§ **Brief**:
Please go line by line through the material and copy each one containing the word "Case".

*** Records shown ***

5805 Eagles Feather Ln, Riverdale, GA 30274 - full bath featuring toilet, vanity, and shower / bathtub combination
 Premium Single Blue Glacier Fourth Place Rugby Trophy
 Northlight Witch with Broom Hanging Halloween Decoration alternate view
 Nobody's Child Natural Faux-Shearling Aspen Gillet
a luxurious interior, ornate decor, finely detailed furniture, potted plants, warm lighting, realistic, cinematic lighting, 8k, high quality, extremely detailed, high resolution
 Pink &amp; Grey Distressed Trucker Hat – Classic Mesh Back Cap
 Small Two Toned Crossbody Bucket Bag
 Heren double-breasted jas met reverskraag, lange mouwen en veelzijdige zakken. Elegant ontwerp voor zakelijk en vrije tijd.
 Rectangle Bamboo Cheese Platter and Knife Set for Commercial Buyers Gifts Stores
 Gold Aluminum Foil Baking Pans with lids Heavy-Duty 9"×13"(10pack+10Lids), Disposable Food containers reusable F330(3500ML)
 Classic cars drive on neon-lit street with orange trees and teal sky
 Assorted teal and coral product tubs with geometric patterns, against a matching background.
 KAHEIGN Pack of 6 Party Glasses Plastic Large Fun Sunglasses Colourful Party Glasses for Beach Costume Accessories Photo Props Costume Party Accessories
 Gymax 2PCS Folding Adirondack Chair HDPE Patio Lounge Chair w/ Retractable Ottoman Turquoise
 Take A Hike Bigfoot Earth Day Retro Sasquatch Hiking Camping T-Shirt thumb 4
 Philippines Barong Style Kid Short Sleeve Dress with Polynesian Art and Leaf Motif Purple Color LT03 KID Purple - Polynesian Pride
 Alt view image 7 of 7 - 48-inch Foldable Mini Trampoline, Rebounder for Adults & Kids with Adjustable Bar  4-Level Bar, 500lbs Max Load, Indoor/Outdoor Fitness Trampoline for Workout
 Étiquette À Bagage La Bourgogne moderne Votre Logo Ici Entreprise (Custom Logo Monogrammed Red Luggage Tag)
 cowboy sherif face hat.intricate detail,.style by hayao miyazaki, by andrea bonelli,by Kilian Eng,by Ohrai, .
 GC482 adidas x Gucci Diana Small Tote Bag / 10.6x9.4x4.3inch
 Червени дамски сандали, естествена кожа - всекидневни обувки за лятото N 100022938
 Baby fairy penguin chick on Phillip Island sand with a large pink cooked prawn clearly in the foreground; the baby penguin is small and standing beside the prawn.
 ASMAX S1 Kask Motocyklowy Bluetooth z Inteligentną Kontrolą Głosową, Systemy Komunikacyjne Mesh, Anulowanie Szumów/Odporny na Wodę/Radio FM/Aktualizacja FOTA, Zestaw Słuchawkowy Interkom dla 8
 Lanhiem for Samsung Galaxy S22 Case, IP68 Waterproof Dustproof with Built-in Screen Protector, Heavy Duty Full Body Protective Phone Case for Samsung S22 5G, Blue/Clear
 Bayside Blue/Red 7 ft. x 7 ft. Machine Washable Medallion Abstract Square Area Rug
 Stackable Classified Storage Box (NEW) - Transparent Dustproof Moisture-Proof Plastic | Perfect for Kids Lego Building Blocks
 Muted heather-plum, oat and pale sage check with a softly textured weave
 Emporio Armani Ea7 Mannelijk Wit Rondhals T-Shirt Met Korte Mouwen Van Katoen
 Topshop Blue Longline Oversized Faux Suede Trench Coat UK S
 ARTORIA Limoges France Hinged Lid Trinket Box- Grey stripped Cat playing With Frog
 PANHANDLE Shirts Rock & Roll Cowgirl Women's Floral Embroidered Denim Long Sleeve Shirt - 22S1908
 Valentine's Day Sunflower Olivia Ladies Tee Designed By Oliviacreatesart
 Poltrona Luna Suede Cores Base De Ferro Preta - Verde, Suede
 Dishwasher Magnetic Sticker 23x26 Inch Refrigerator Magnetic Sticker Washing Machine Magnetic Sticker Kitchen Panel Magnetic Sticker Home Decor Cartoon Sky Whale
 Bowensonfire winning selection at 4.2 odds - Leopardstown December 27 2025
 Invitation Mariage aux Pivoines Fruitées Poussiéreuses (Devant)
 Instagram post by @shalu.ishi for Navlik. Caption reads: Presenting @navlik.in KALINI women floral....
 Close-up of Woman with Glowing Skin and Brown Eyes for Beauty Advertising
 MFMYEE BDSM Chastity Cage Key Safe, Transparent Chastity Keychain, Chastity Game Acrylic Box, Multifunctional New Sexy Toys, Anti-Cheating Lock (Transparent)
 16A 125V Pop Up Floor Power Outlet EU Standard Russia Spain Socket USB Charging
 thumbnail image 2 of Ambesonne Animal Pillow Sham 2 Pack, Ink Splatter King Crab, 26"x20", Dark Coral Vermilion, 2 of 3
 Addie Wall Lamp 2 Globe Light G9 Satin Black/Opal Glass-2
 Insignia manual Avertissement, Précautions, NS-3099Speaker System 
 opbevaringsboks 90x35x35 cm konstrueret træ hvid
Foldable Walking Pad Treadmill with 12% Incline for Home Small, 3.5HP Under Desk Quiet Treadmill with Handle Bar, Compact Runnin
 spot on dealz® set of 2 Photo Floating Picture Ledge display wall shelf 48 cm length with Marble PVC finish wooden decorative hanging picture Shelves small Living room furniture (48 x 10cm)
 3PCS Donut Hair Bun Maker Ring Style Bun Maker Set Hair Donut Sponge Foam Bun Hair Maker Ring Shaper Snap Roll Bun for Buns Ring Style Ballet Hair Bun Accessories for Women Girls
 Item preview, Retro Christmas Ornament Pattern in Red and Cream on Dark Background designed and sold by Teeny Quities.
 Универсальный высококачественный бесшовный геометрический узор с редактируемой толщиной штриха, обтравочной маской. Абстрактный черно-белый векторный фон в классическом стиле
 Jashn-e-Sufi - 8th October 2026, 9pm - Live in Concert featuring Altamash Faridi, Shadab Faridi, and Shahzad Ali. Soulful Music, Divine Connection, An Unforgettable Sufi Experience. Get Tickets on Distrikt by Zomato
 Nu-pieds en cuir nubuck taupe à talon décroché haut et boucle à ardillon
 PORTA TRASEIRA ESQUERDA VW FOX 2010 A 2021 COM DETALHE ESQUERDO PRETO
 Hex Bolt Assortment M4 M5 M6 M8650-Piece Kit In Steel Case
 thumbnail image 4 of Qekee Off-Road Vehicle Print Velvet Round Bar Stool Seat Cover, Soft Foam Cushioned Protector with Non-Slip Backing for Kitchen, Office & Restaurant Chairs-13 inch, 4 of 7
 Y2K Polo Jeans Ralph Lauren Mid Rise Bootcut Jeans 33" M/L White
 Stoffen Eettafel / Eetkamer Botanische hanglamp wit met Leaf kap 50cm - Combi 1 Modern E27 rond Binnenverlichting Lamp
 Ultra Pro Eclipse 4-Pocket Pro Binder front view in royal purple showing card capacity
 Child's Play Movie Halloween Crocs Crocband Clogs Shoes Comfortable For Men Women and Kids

*** End of Records shown ***

§ **Expected output**:
 Lanhiem for Samsung Galaxy S22 Case, IP68 Waterproof Dustproof with Built-in Screen Protector, Heavy Duty Full Body Protective Phone Case for Samsung S22 5G, Blue/Clear
 Hex Bolt Assortment M4 M5 M6 M8650-Piece Kit In Steel Case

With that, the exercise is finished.